Roundtable Discussion: "Global Liberalism in Crisis?"

Jan. 25, 2017

A panel of distinguished scholars held a roundtable discussion on "Global Liberalism in Crisis?" on Inauguration Day, which was widely attended by University faculty, staff, and students.  The Daily Princetonian writer, Ruby Shao, reports on the event.

View the event here.

Sponsored by The Department of History, the Princeton Institute for International and Regional Studies, the Department of Politics and the University Center for Human Values

Chair:
Jeremy Adelman - Henry Charles Lea Professor of History, Princeton University

Panelists:

Melissa Lane is the Class of 1943 Professor of Politics and the Director of the University Center for Human Values at Princeton University. An associated faculty member in the Princeton Department of Classics and Department of Philosophy, she researches and teaches in the area of the history of political thought, with a special expertise in ancient Greek thought, and in normative political philosophy, including especially environmental ethics and politics.   Her books include The Birth of Politics: Eight Greek and Roman Political Ideas and Why They Matter (PUP, 2015; originally published in the UK and Commonwealth as Greek and Roman Political Ideas, Penguin, 2014); Eco-Republic (PUP, 2012; Peter Lang, 2011, in the UK and Commonwealth); Plato’s Progeny (Duckworth, 2001); and Method and Politics in Plato’s Statesman (CUP, 1998).  She co-edited Politeia in Greek and Roman Philosophy (with Verity Harte, 2013), and A Poet’s Reich: Politics and Culture in the George Circle (with Martin A. Ruehl, 2011). At Princeton, she was the first director of the Program in Values and Public Life, and is co-chair of the Steering Committee for Service and Civic Engagement and of the Climate Futures Initiative.  She received a Phi Beta Kappa teaching prize in 2015.  Before joining the Princeton faculty in 2009, she taught in the Faculty of History at the University of Cambridge and was a Fellow of King’s College, Cambridge. She is a Fellow of the John Simon Guggenheim Foundation, the Royal Historical Society, and the Royal Society for the encouragement of Arts, Manufactures, and Commerce (RSA).  Professor Lane earned a bachelor’s degree summa cum laude in Social Studies from Radcliffe College of Harvard University, and an M.Phil and PhD in Philosophy from the University of Cambridge, where she studied as a Marshall Scholar, Truman Scholar, and the Mary Isabel Sibley Fellow of Phi Beta Kappa.
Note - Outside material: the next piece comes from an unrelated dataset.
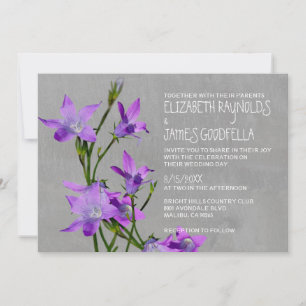 Violet Wedding Invitations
Dan Rodgers, the Henry Charles Lea Professor of History, emeritus, is an historian of American ideas and culture who taught at Princeton from 1980 to 2012. He earned his Ph.D. in history from Yale University after graduating from Brown University. He is the author of four prize-winning books, including The Work Ethic in Industrial America, 1850-1920, Contested Truths: Keywords in American Politics, and Atlantic Crossings: Social Politics in a Progressive Age, which has been translated into German and Chinese. His most recent book, Age of Fracture, a history of social ideas and arguments in America in the last quarter of the twentieth century, was a co-winner of the Bancroft Prize. His articles run the gamut from American exceptionalism, to the career of ‘republicanism,’ to the election of 2000.
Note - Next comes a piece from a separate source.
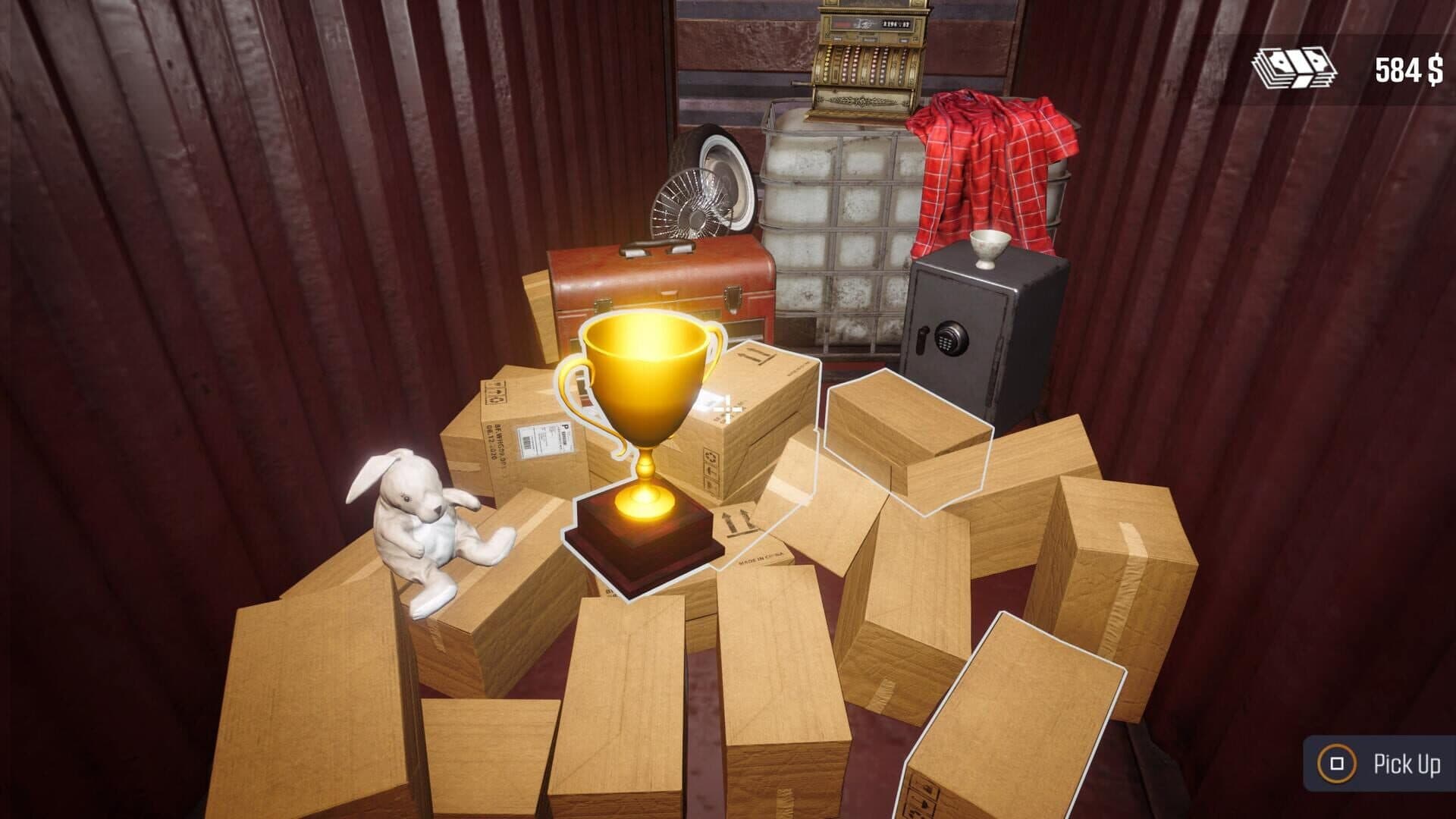 اسکرین‌شات Storage Hunter: Bid War Simulator - 5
Kim Lane Scheppele is the Laurance S. Rockefeller Professor of Sociology and International Affairs in the Woodrow Wilson School and the University Center for Human Values at Princeton University. She joined the Princeton faculty in 2005 after nearly a decade on the faculty of the University of Pennsylvania School of Law, where she was the John J. O'Brien Professor of Comparative Law. Scheppele's work focuses on the intersection of constitutional and international law, particularly in constitutional systems under stress. After 1989, Scheppele studied the emergence of constitutional law in Hungary and Russia, living in both places for extended periods. After 9/11, Scheppele researched the effects of the international "war on terror" on constitutional protections around the world. Her many publications on both post-1989 constitutional transitions and on post-9/11 constitutional challenges have appeared in law reviews, social science journals and multiple languages. In the last two years, she has been a public commentator on the transformation of Hungary from a constitutional-democratic state to one that risks breaching constitutional principles of the European Union.